Par sylvaine Landrivon,

Recension du livre d’Hélène de Saint Aubert, Sexuation, parité et nuptialité dans le second récit de la Création (Genèse 2), « Lectio divina », Paris, Éditions du Cerf, 2023.

Y a-t-il encore quelque chose à exprimer sur le second récit de Création exposé dans le livre de la Genèse ? Hélène de Saint Aubert nous montre qu’en effet, il importe de revenir à ce texte majeur car une approche rigoureuse, notamment des versets 18 à 24, « met en évidence une dénonciation de la misogynie et une défense, particulièrement novatrice en son temps, de la parité homme-femme, entendue en un sens originel et existentiel. » (p.179).
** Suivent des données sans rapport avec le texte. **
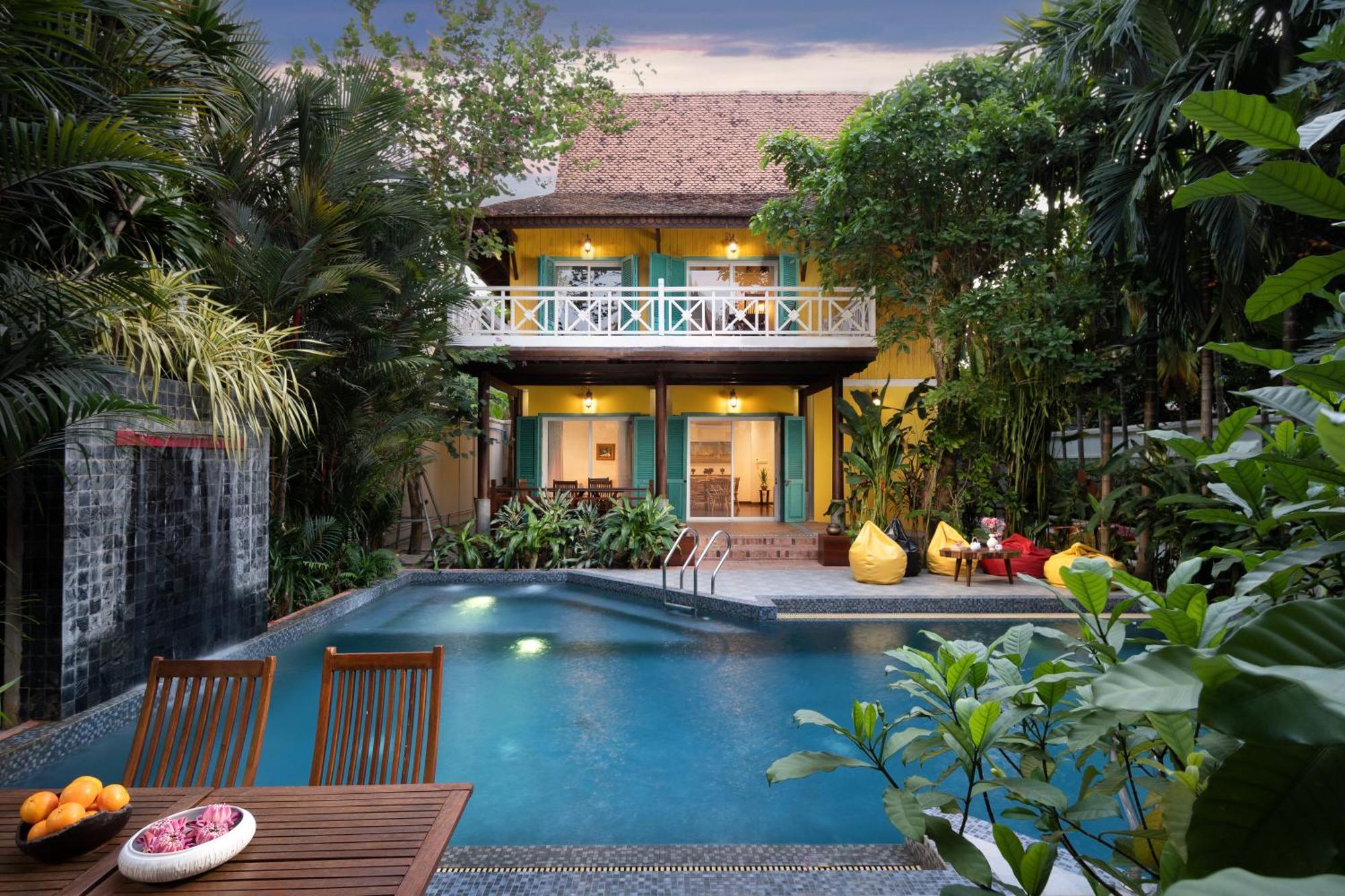 The exclusive villa Workspace Afternoon Tea Tree planting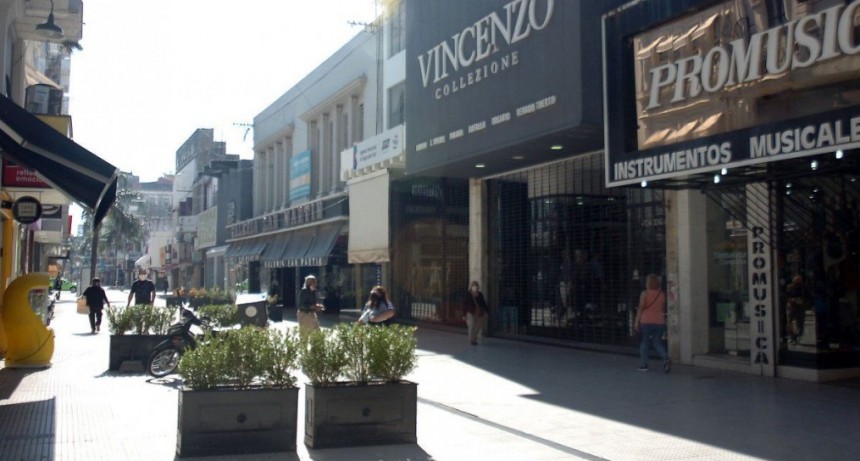 Piden que se ampl&iacute;e el horario de comercio por el D&iacute;a del Padre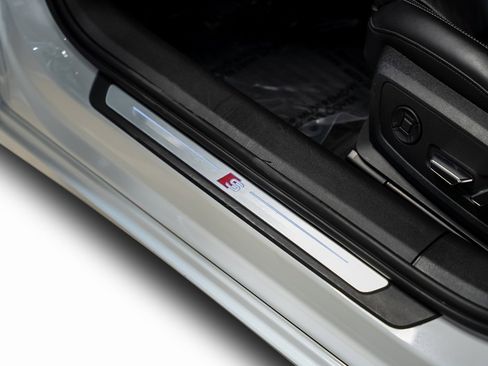 Used 2021 Audi S6 Prestige w/ Prestige Package image 68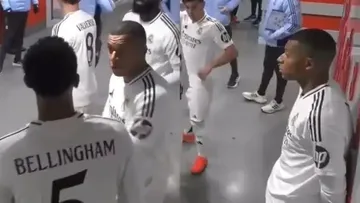 Sebuah potongan video yang sikap Jude Bellingham ke Kylian Mbappe di lorong Stadion Anfield tengah jadi pergunjingan di dunia maya (tangkapan layar)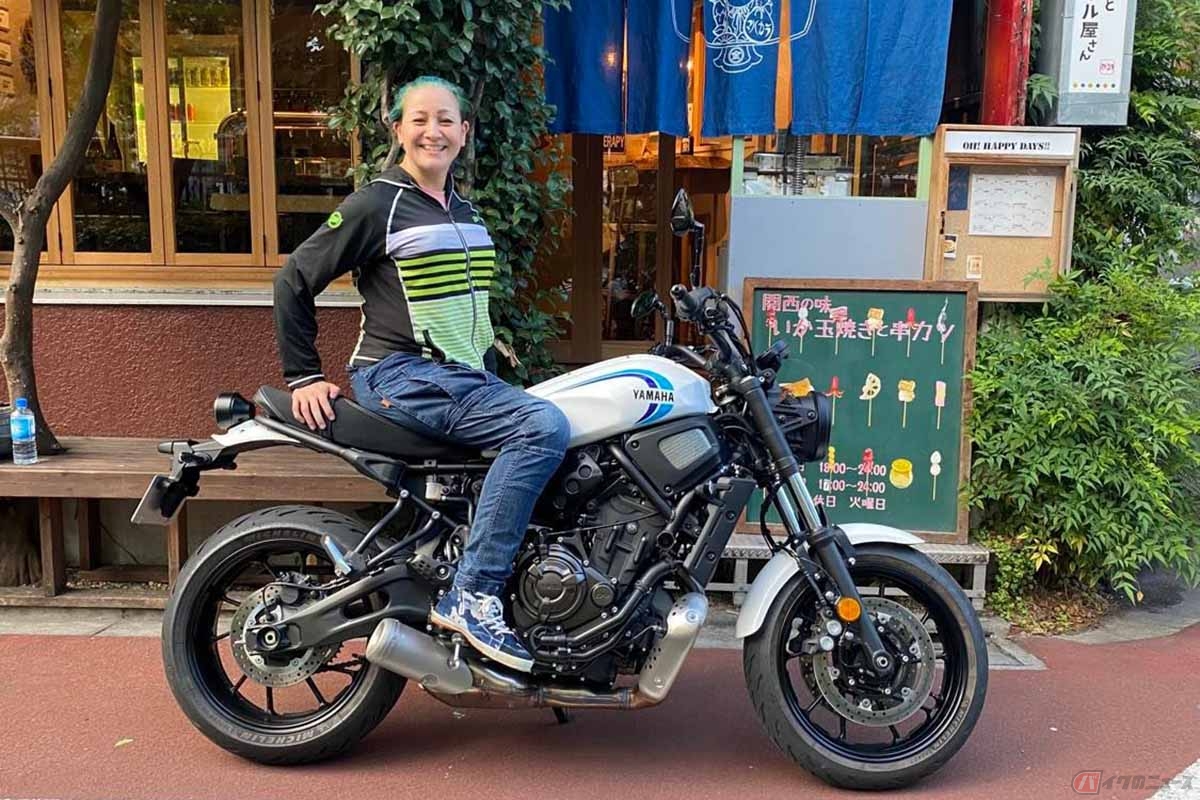 ヤマハ新型「XSR700」に跨るクリスさん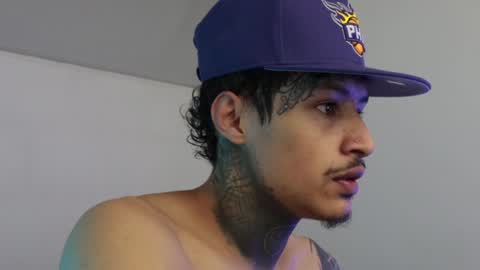 - trieone online show from January 2, 5:14 am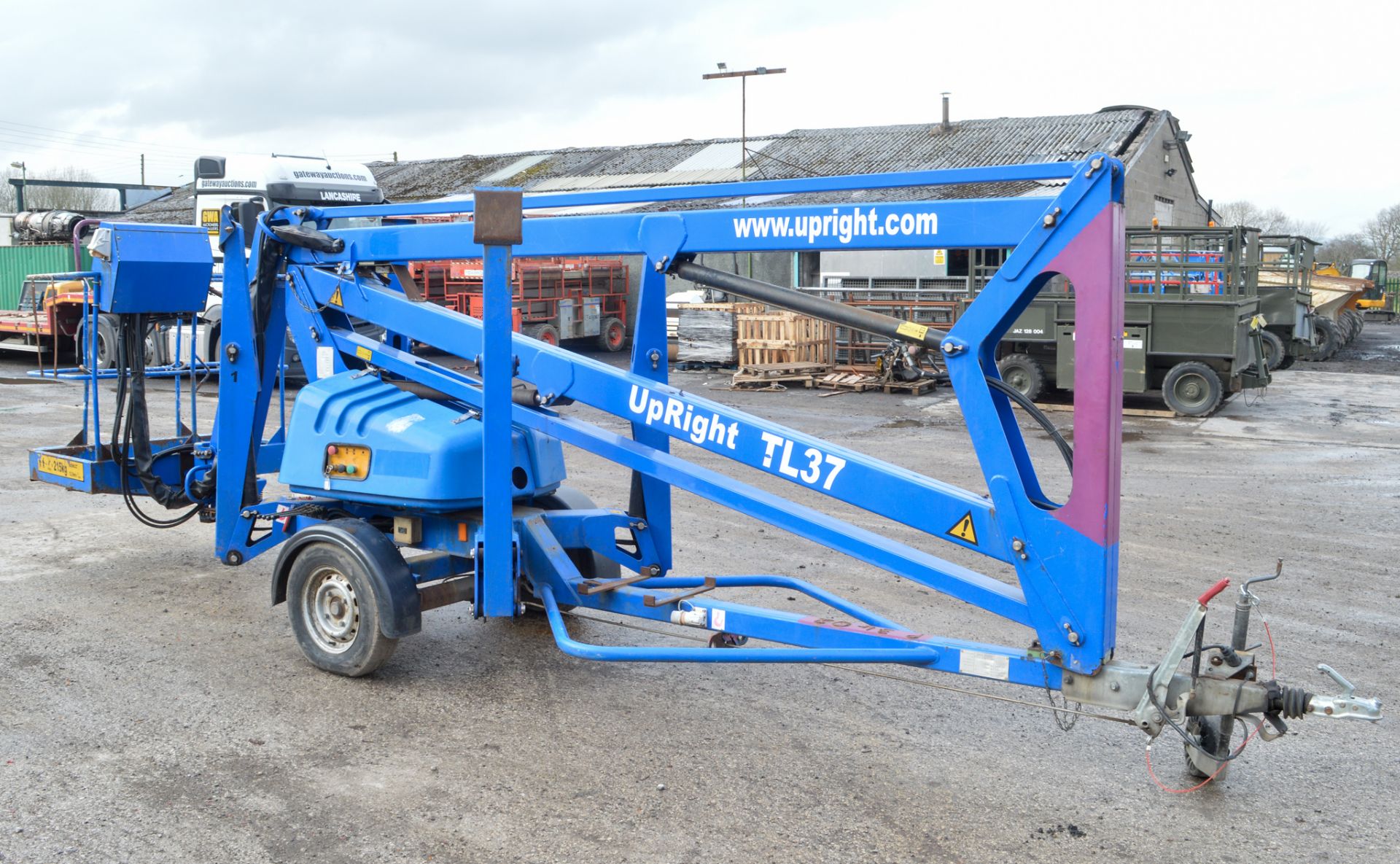 Upright TL37 13 metre battery electric trailer mounted articulated boom access platform Year: 2007 - Image 2 of 8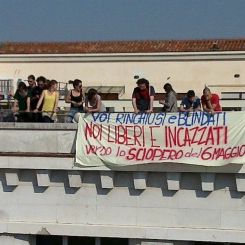A Padova un gruppo di studenti occupa la terrazza del rettorato
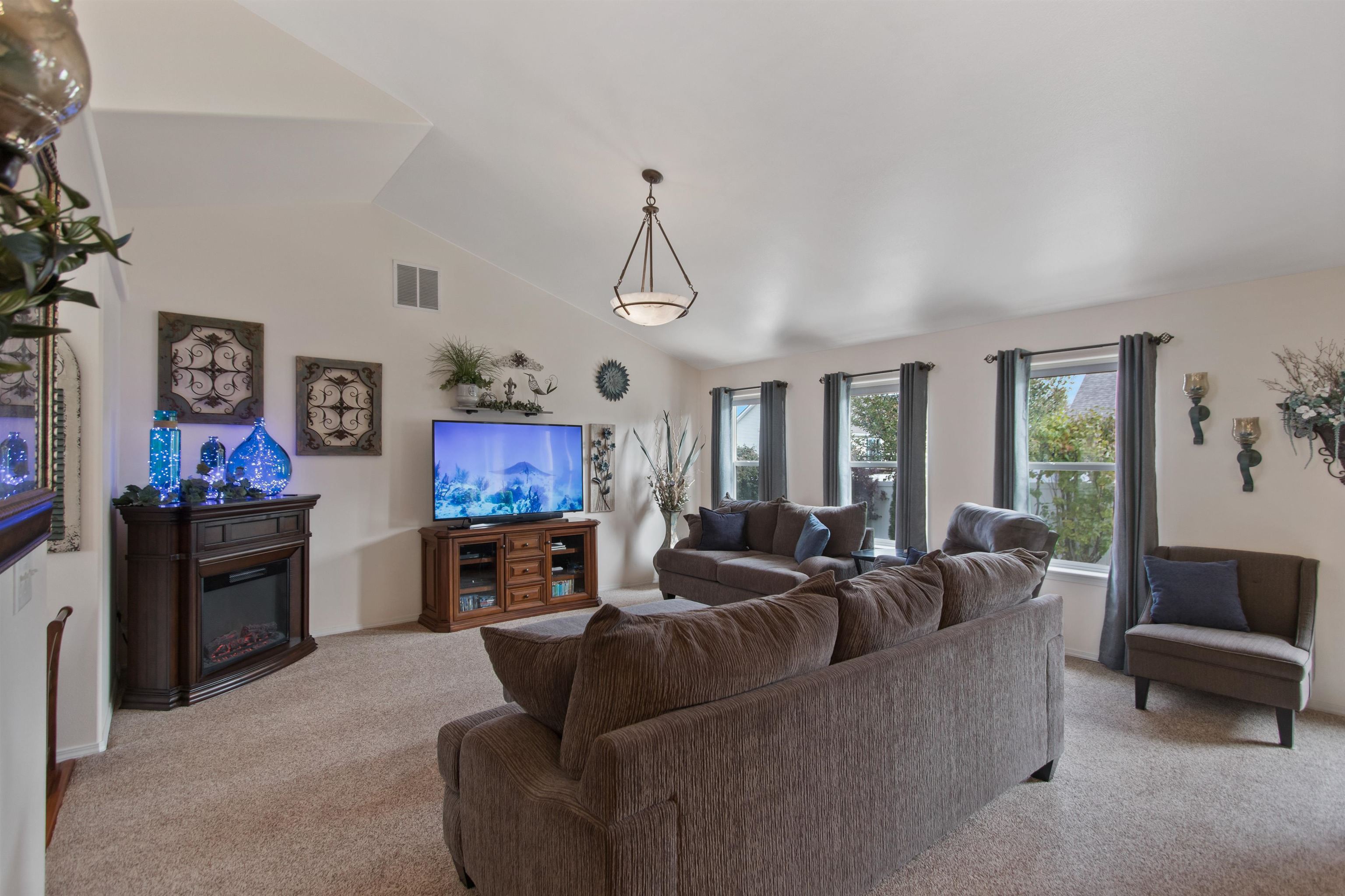 617 South Holiday Road Spokane Valley, WA 99016 - Photo 6 of 35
Encore faut-il pour cela, la suivre dans son étude aussi passionnante que difficile, dans laquelle le texte source va être convoqué pour en extraire le sens.

L’autrice propose d’abord une traduction précise de Genèse 2, 4-25.

Deux termes sont aussitôt mis en lumière : celui qui pointe le « côté » de l’humain trop souvent traduit par « côte », et le verbe qui sert à annoncer que l’humain est « bâti » en femme. L’autrice va montrer pourquoi ce verbe spécifique bânâh, est choisi pour évoquer la création de la figure féminine. Ce sera l’objet du premier chapitre car il exige une analyse interprétative sérieuse. Mais auparavant, il convient de revenir à la structure du récit. Le verset 18 a précisé qu’il n’est « pas bon » que l’être humain soit « pour lui seul ». Cette situation ne peut être qu’une étape dans la création. Dieu va alors lui créer « un secours » par lequel « seule une relation humaine constituera ce vis-à-vis, relation humaine qui se spécifie en relation sexuée » (p.21). Ainsi, « par des moyens proprement narratifs, la femme est présentée comme celle sans qui l’humain n’est ni tout à fait bon ni tout à fait créé » (p.22). Contrairement à ce que je suggère dans La femme remodelée[1], alors que toute notre analyse consone le plus souvent, l’autrice n’envisage pas dans un premier temps, un humain androgyne, mais un être ni homme, ni femme : seulement en cours de création.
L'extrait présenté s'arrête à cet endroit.